Information provided:
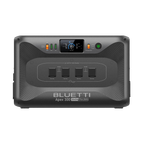 BLUETTI APEX 300 POWER STATION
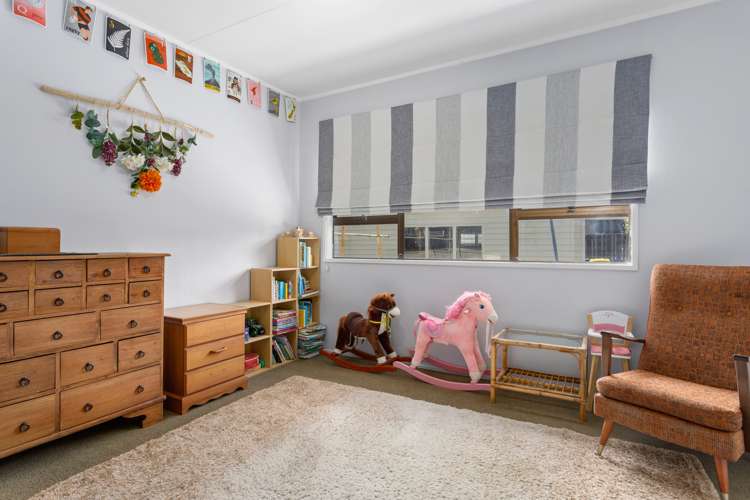 10 Bluett Road Ohope_10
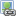 button image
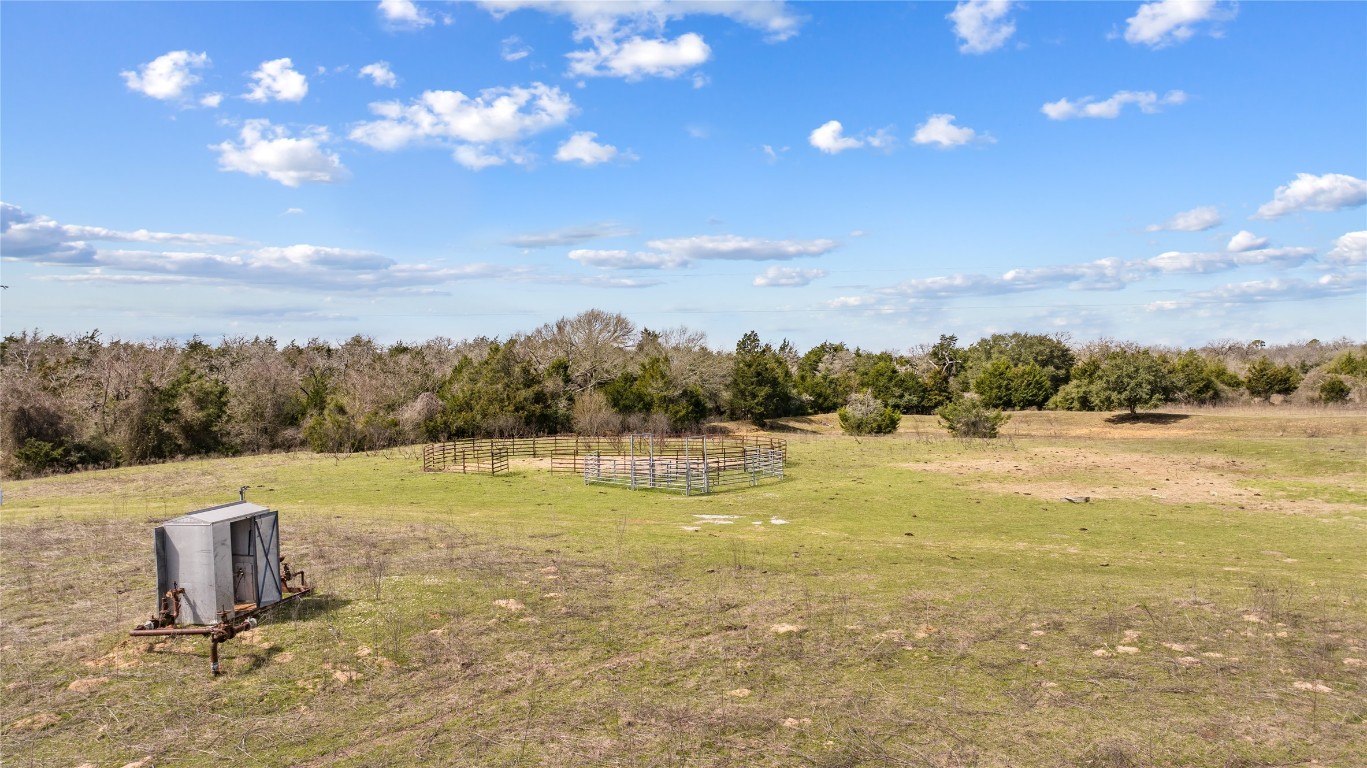 TBD County Road 430 , Dime Box, TX, 77853 | 7880016 | Realty Texas LLC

Your objective: The material above should be printed again exactly, with each picture left out.

Solution to this problem:
 BLUETTI APEX 300 POWER STATION
 10 Bluett Road Ohope_10
 button image
 TBD County Road 430 , Dime Box, TX, 77853 | 7880016 | Realty Texas LLC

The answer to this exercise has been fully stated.